EL PEQUEÑO SECRETO
A las tres de la
tarde, en la casa de la abuela, no volaba una mosca. Aun cuando nos enviaran a dormir la siesta,
como todos lo hacían, nosotras susurrábamos las decenas de travesuras que nos
llevarían a una penitencia segura.
Aquello ocurría
en la penumbra de la habitación de Leila y sus hermanas, cuando el cuarto se
convertía en la cueva ideal para encontrar las respuestas que los grandes no
querían darnos y nosotras, sabíamos que existían.
Todo empezó un 2
de enero de 1963.
Por la mañana
había llegado el cartero con toda la correspondencia y como la abuela había
salido hasta el almacén, Leila recibió las cartas. Hasta el día de hoy, ni ella
ni yo sabemos por qué de todas ellas, eligió aquel sobre de papel delgado, casi
transparente, escrito en tinta azul con caligrafía esmerada. Sin pensarlo, lo
guardó en el bolsillo de su falda y al regresar la abuela, le entregó todas,
menos esa. Por la tarde, la carta en
cuestión, fue nuestro juego.
Abrimos el sobre
sin reparar en su remitente, ni en la posibilidad de resguardarlo, para luego
volver la carta al mismo; sin conversarlo, habíamos decidido que nadie se
enteraría de su existencia. Sería nuestro secreto.
Un 2 de enero,
pero veinte años después, despedimos definitivamente a la abuela de Leila. Su
madre y sus tías, se tomaron unos días para limpiar su cuarto, y nos pidieron a
nosotras que las ayudáramos a juntar lo que se donaría a la iglesia, y qué
objetos o recuerdos, conservarían para ellas.
Debajo de la cama
apareció una caja de madera, íntegramente pintada con unas mariposas celestes y
azules. Leila la abrió y comentó que estaba llena de cartas que alguien le
había escrito a la abuela; unas atadas con un lazo celeste como las mariposas,
otras con un lazo dorado, unas pocas con uno rosa, y otro montón con una cinta
verde musgo. La madre de Leila dijo que
dejáramos la caja, que ella se ocuparía, y ambas nos miramos sin decir una
palabra, mientras que nuestras miradas y corazones recordaron, “la carta”.
Hoy es 2 de
enero, otra vez… Leila me invitó a tomar un té en la vieja casa, que ahora
habita ella y su marido. Al entrar noté que no era la Leila que había conocido.

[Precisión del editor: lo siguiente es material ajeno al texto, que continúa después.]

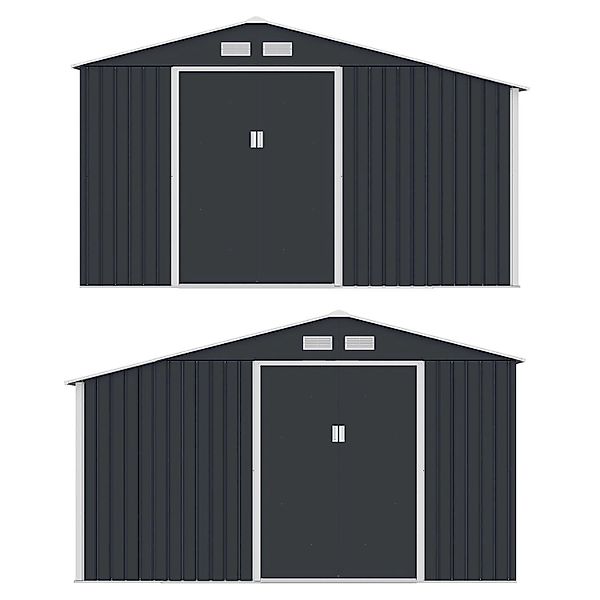 Juskys Metall Geräteschuppen XL Anthrazit mit Holzunterstand günstig online kaufen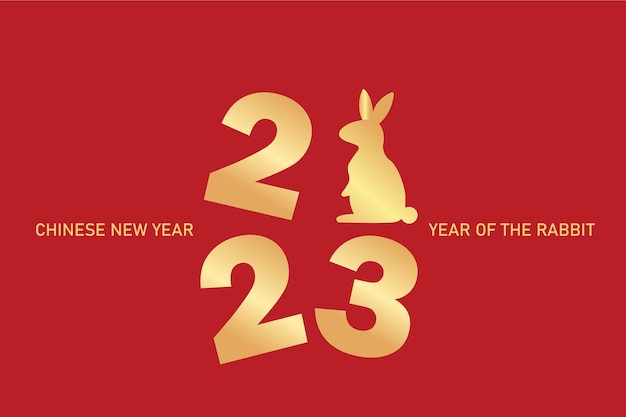 2023 Chinees nieuwjaar Een konijn op het nummerlogo Concept voor kerstkaart banner poster decor element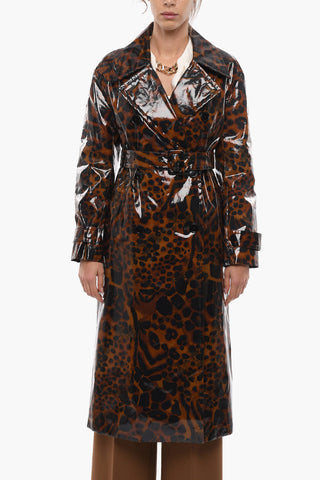 Animalier Motif Quilted Shiny Duster Coat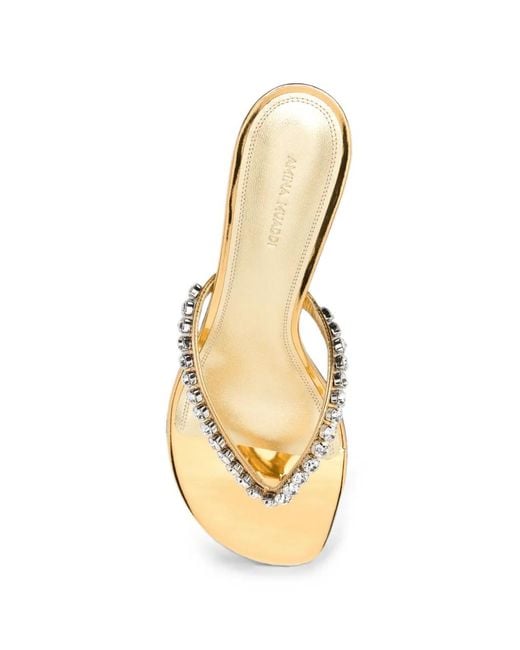 AMINA MUADDI Natural Gigi Crystal-Embellished Heeled Sandals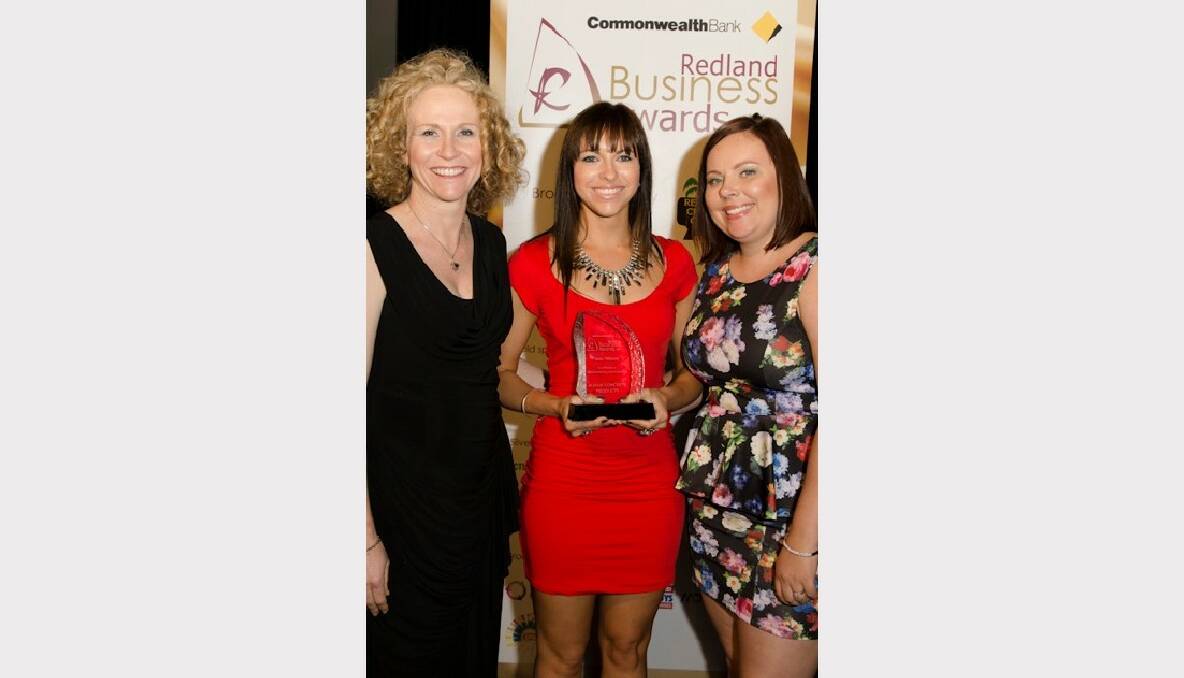 Redland City Chamber of Commerce committee member Anita Beasley with Jess Taylor and Giselle Taylor of Aussie Concrete Products, winners of the Excellence in Excellence in Manufacturing & Industrial in the 2012 Commonwealth Bank Redland Business Awards.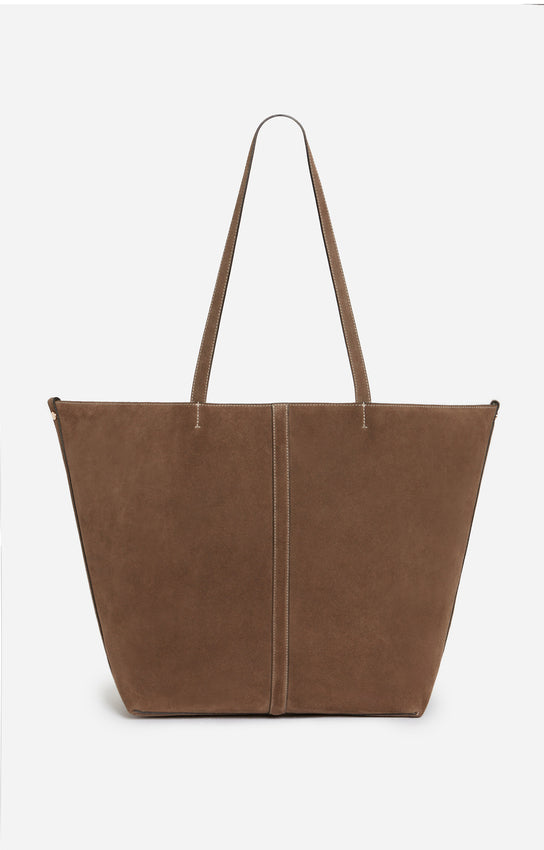 Unisex Tote Bag Velvet-Finish Cowhide Leather - Taupe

Me hizo pasar al pequeño saloncito, que había sido la habitación de la abuela y
ahora era una especie de recibidor con unos sillones raídos y sobre una pequeña
mesa, dos tazas de té, una tetera, el viejo sobre, y todos los lazos que ataban
las cartas de la caja de las mariposas.
Entre tés
calientes, tibios y fríos, descubrimos juntas el significado de cada lazo, solo
faltaba ahora saber, dónde debía haber estado la carta que había sido nuestro
juego. La tarde se convirtió en madrugada, y nuestro secreto se nos reveló
entre las penumbras y susurros de aquel cuarto de la niñez.
Nuestra carta
pertenecía al atado del lazo verde, lo supimos pues el remitente decía: ciudad
de Mar del Plata, como todas las otras de aquel montón. Lenka era la
escribiente, había nacido en el Gulag de Akmolinsk, en Kazajistán, como la
abuela, y por algún maravilloso milagro
había sobrevivido y logrado escapar, llegando en su adolescencia a nuestro
país. Todas las otras cartas tenían el mismo origen, eran mujeres rescatadas de
sus propias memorias por la abuela de Leila, para intentar seguir vivas de este
lado de la vida. En cada uno de esos papeles amarillentos, había historias de
amor, de todos los amores posibles.
Leila y yo
decidimos esa tarde, que Lenka era nuestra, liberamos las mariposas azules de
la caja y nos propusimos tejer cuentos y poesía con cada una de las historias,
para que otras mujeres, y también hombres, entiendan lo que ocurre cuando un
ramillete de palabras se convierten en la única forma de seguir vivos, aunque
el corazón parezca haberse detenido al dejar de escuchar la dulce lengua de Kazajistán.